Why did you decide to move over to the UK?
I met my now-wife when she was travelling around New Zealand. I was always a big rugby league fan, so I wanted to come to Leeds – I was a Rhinos fan when I was a kid, and my grandma was English, so the stars aligned, really. I got here in March 2005.
How big was the culture shock when you moved, both in and out of the kitchen?
My first job was at a place called Pool Court, which was a one-star Michelin place – it’s since gone, it was the first and last Michelin in Leeds other than Man Behind the Curtain now. That was extremely hard. I went from a reasonably well-regarded young Head Chef into just a demi-slash-chef de partie job, and sort of a whipping boy. Anything that went wrong seemed to find its way back to me somehow, so that was extremely hard. It was as hard as anything you see on the telly in terms of shouty chefs, abusive, horrible places. It was certainly character-building. In terms of the lifestyle, I came from a pretty big city back home so that wasn’t a huge shift for me – Christchurch in particular is very English.

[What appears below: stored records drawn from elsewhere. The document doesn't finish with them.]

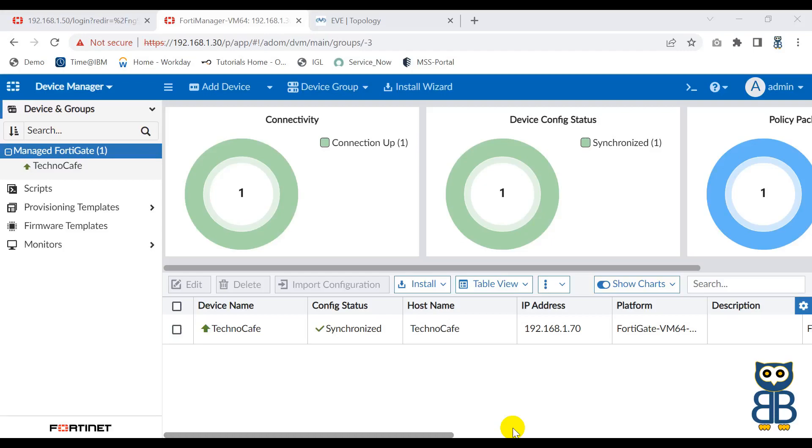In the previous video, we successfully discovered the FortiGate firewall in FortiManager. It was an easy task because the FortiManager and the FortiGate firewalls are running with the same firmware version, which is 7.2.1. In FortiManager, you can easily verify the hostname, system uptime, system status, and other elements.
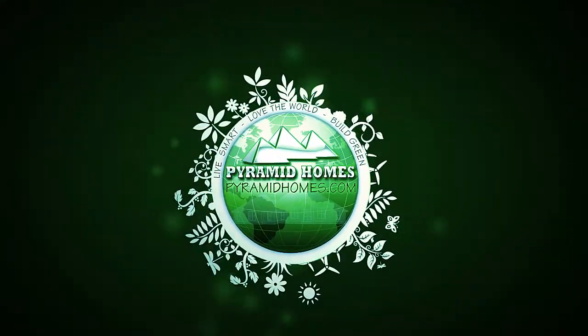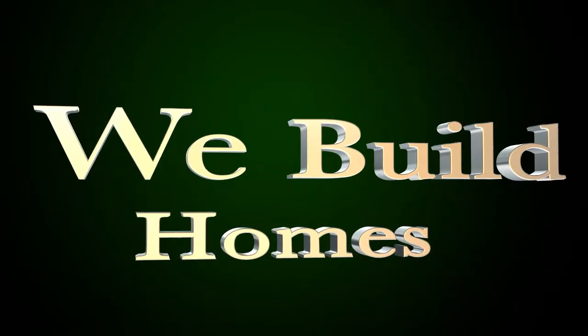Hi, I'm Anwar Khalifa, graduate master builder and this area's first master certified green professional. At Pyramid Homes, we don't just sell houses — we build homes.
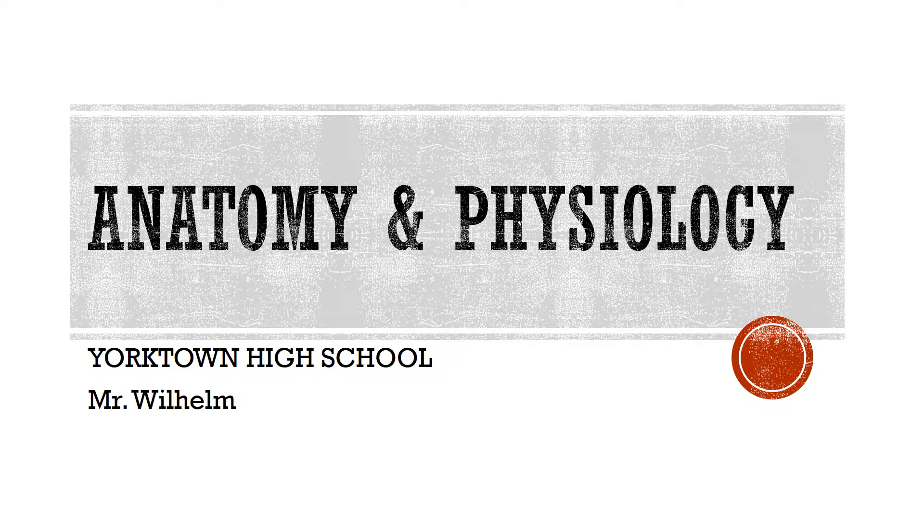Hello, this is Mr. Wilhelm. I am the teacher of Anatomy and Physiology at Yorktown High School.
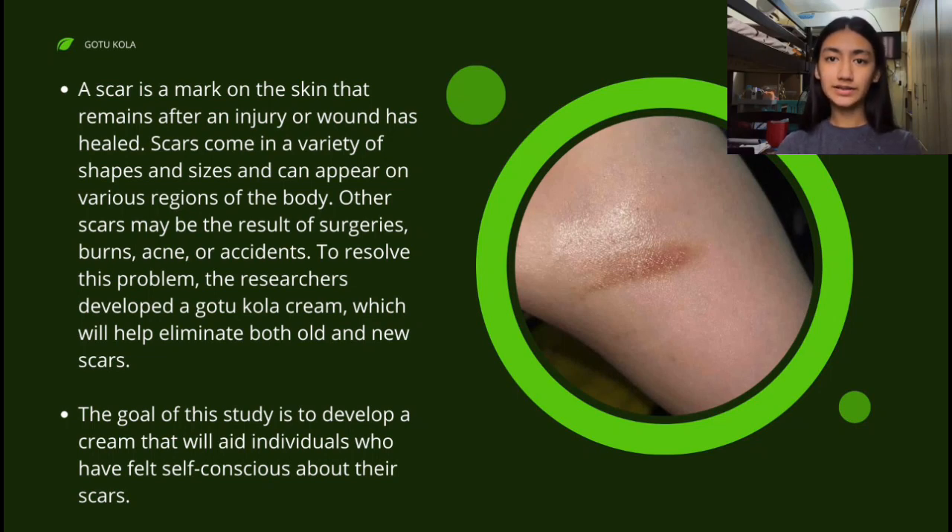To solve this problem, the researchers developed a Gautokola cream which will help eliminate both old and new scars. The goal of this study is to develop a cream that will aid individuals who have felt self-conscious about their scars.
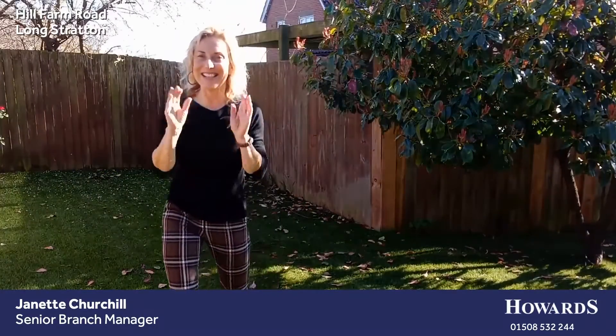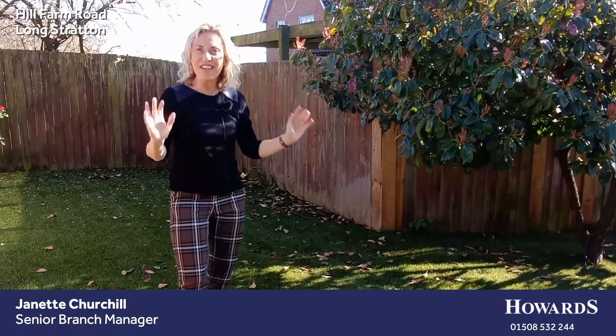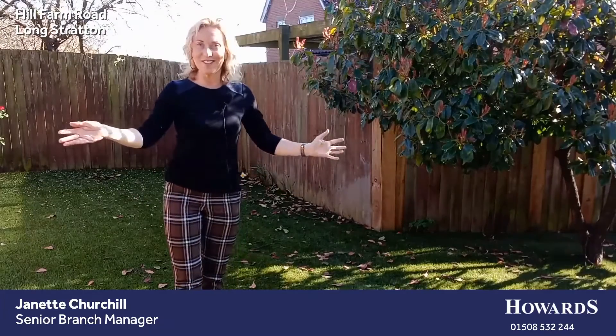And look at the lovely lush lawn — isn't this amazing? It's a secret: it's AstroTurf, and it's a very, very good one. So it really does look this gorgeous all year round. How perfect.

When did you shift to Spanish food?
My boss came back from a holiday to San Sebastian and southern France and he fell in love with the food there. At the time we had a place called The Hummingbird, which sadly we had to shut, so he asked if I fancied staying on and working in a Basque restaurant. Being a chef, the Basque region’s a foodie mecca, so it was an appealing idea. He sent me down to a place called Donostia in London, which is a really fantastic place. I spent six weeks down there learning the ropes and recipes and eating my way around half the Spanish restaurants in London, of which there are a lot – Barrafina, Camino, Iberica, all those sort of places – and tried to pick up as much as I could.
What is the ethos of tapas and pintxos, as you see it?
For me, tapas is purely about the ingredients: if you’re in a Michelin restaurant in the UK, there’ll be all kinds of herbs, garnishes, foams, gels and things on the plate. There’s just crap everywhere: dusts and powders and it just drives me insane. Whereas you go to a Michelin restaurant in Spain and it’s just an amazing piece of fish cooked perfectly with a beautiful sauce, or a great piece of meat with two or three things on the plate. They just really celebrate the ingredient and show it as much respect as they can.
As someone who grew up outside Yorkshire, what do you like about its food?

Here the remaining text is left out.